● **WHAT THIS TASK INVOLVES**:
Please reproduce the following records exactly as they appear.
========================================
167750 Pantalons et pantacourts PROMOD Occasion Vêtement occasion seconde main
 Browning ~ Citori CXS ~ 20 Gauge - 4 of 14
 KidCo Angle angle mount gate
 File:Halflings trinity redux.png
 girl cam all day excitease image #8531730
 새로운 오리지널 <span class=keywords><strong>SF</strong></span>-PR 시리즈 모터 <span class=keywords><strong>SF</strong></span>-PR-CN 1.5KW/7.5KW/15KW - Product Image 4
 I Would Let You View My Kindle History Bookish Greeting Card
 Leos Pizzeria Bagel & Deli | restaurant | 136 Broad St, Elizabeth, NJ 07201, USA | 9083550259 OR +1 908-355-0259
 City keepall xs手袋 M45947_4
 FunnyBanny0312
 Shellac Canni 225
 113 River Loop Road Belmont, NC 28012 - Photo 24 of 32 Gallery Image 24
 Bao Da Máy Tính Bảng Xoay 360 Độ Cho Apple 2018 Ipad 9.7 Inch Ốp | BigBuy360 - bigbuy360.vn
========================================
● **RESPONSE AREA**:
167750 Pantalons et pantacourts PROMOD Occasion Vêtement occasion seconde main
 Browning ~ Citori CXS ~ 20 Gauge - 4 of 14
 KidCo Angle angle mount gate
 File:Halflings trinity redux.png
 girl cam all day excitease image #8531730
 새로운 오리지널 <span class=keywords><strong>SF</strong></span>-PR 시리즈 모터 <span class=keywords><strong>SF</strong></span>-PR-CN 1.5KW/7.5KW/15KW - Product Image 4
 I Would Let You View My Kindle History Bookish Greeting Card
 Leos Pizzeria Bagel & Deli | restaurant | 136 Broad St, Elizabeth, NJ 07201, USA | 9083550259 OR +1 908-355-0259
 City keepall xs手袋 M45947_4
 FunnyBanny0312
 Shellac Canni 225
 113 River Loop Road Belmont, NC 28012 - Photo 24 of 32 Gallery Image 24
 Bao Da Máy Tính Bảng Xoay 360 Độ Cho Apple 2018 Ipad 9.7 Inch Ốp | BigBuy360 - bigbuy360.vn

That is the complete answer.